This is post #4 in the Commonly Misused Bible Verses series. So far I have commented on 2 Chronicles 7:14 and Jeremiah 29:11. These two verses are often pulled out of their contexts by well-meaning Christians. Matthew 7:1 is a very popular verse for unbelievers to misuse. Click on the links for more information on any of those articles.
For today’s post, I want to take a look at another verse that is frequently misused by well-meaning Christians. Bear in mind that I am not trying to pick on anyone or attack them for misusing these verses. Most of the time they are misused because we have heard someone else misuse them and we’re used to hearing the verse in a particular (but wrong) context, so we repeat the same error. This series is designed to encourage people to take a close look at Scripture before repeating what we’ve heard.
Commonly Misused Bible Verse #4: Matthew 18:19–20
Think about how many times you have heard someone quote or summarize this passage during a prayer or immediately before praying.
“Again I say to you that if two of you agree on earth concerning anything that they ask, it will be done for them by My Father in heaven. For where two or three are gathered together in My name, I am there in the midst of them.” (Matthew 18:19–20, NKJV)
The idea that is commonly promoted is that if there are two or more people gathered together who agree on something, and they ask God for it in prayer, then Jesus will be present and God will answer their request.
If you’ve read any of the other posts in this series, then you know that we need to look at the context to see what is wrong with the way many people use this verse. However, before we do that, can you see some problems with the idea that God will grant the request of those who come together and are in agreement in prayer? First of all, Jesus said “where two or three are gathered” in His name, so how could this apply to settings of four or more? Also, why would it take two or three believers to be gathered together for Jesus to be in their midst? Isn’t He already present in each and every individual believer? So even if one Christian prays, isn’t Jesus already there?
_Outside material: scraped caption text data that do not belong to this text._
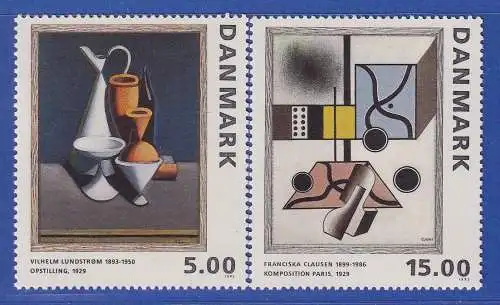 Dänemark 1993 Mi.-Nr. 1068-1069  Gemälde Lundstrom / Clausen  **/MNH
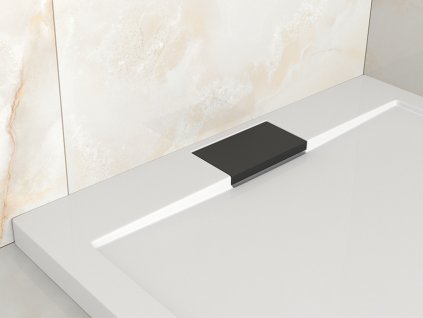 Besco Axim UltraSlim černý kryt odtoku, KA-C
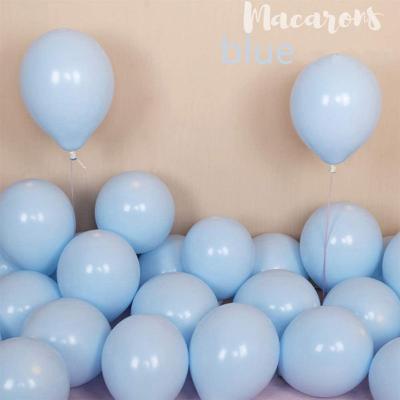 China Decoration Balloons Wholesale 100pcs Multicolor Round Shaped Blue Macaron Color Helium Air Latex Balloon for sale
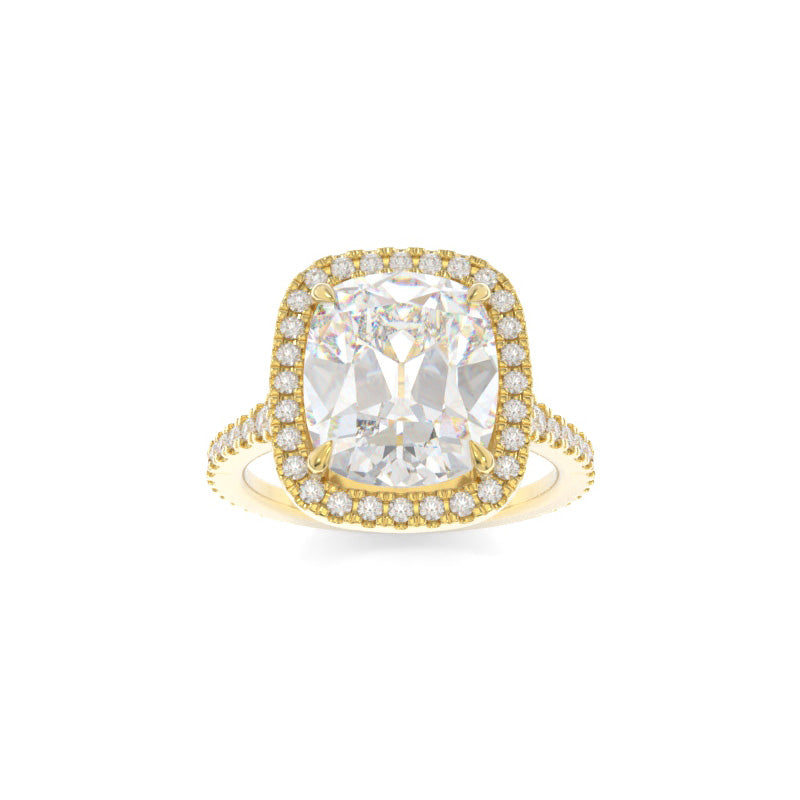 Leighton Ring Old Mine Cushion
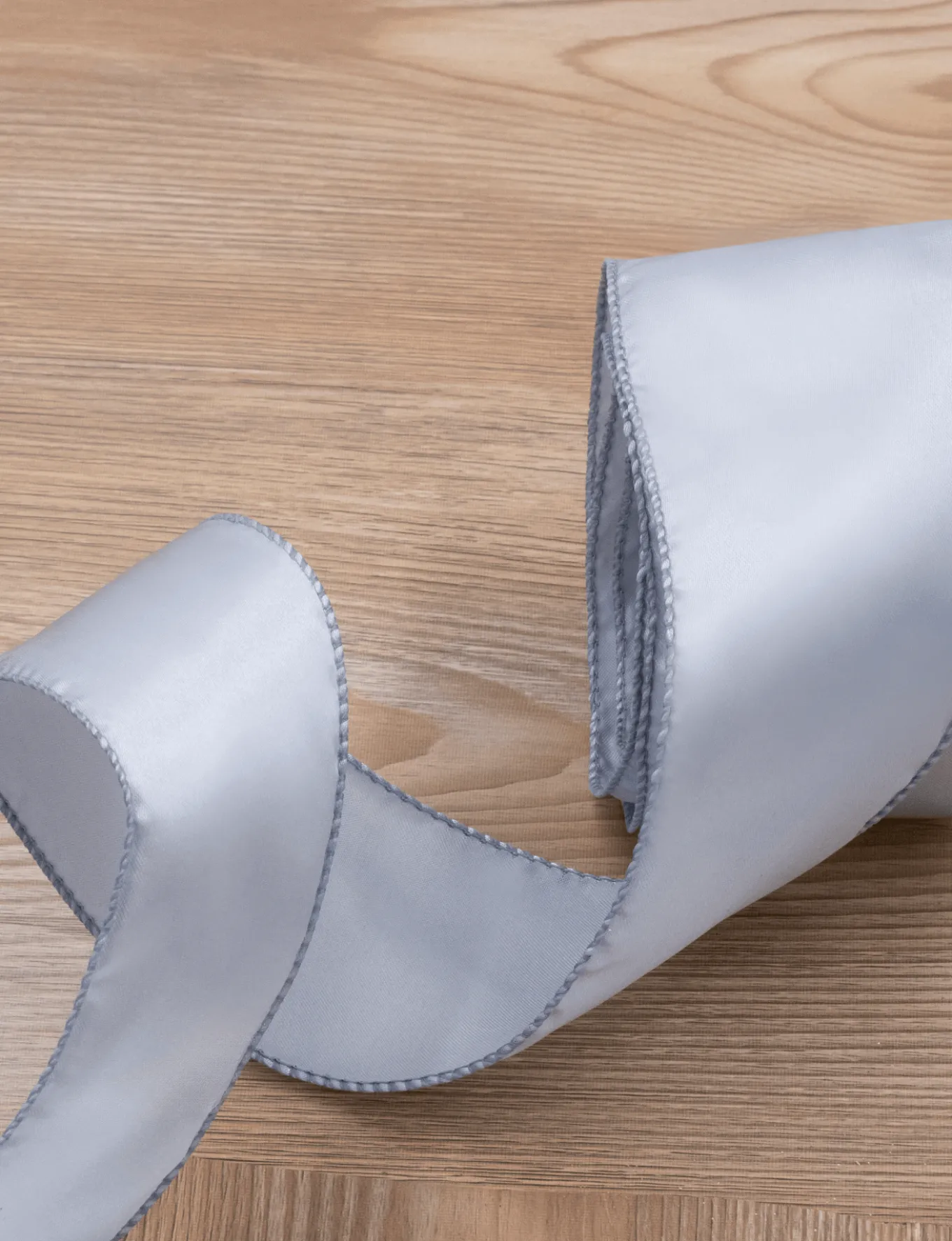 King Of Christmas Simple Silver Ribbon (10 Yards)- Ribbon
So there are already a couple of problems with the common use of this passage. Now let’s take a look at the context. This section deals with a subject that most churches completely neglect: church discipline. Jesus said that if you have a brother who sins against you, then you need to go to him and try to work it out. If he refuses to acknowledge his fault, then you bring one or two more witnesses to help work things out. So including you, that would make two or three witnesses—recognize that phrase? Not only is it repeated in these verses, but it comes from the Old Testament (Deuteronomy 19:15 and more). Legal cases needed to have two or three witnesses to establish a matter.
Back to Jesus’ story. If the sinning brother did not make things right in the presence of two or three witnesses, then the case was to be brought before the church. If he refused to listen to the church’s decision, then he was to be thrown out of the congregation. I know that sounds harsh in our day because precious few churches practice discipline as Jesus instructed, but that is what we are commanded to do.
It is with this in mind that Jesus said that the Father would grant the request of two or more who gather together in Christ’s name and are in agreement. Agreement on what? On disciplining the erring brother. That’s what this passage is about and yet so many Christians use it as though Jesus promised to answer their prayers when offered in certain situations.
Before I finish this post let me stress what the Bible actually does say about prayer. The Apostle John wrote, “Now this is the confidence we have in Him, that if we ask anything according to His will, He hears us. And if we know that He hears us, whatever we ask, we know that we have the petitions that we have asked of Him” (1 John 5:14–15). John also wrote, “And whatever we ask we receive from Him, because we keep His commandments and do those things that are pleasing in His sight” (1 John 3:22).
So we can have confidence about God answering our prayers when we are obediently following Him and praying according to His will. If you haven’t experienced answered prayer, then perhaps you aren’t living in obedience and/or praying according to His will (or maybe He did answer it and you didn’t recognize the response because He often answers in ways we don’t expect).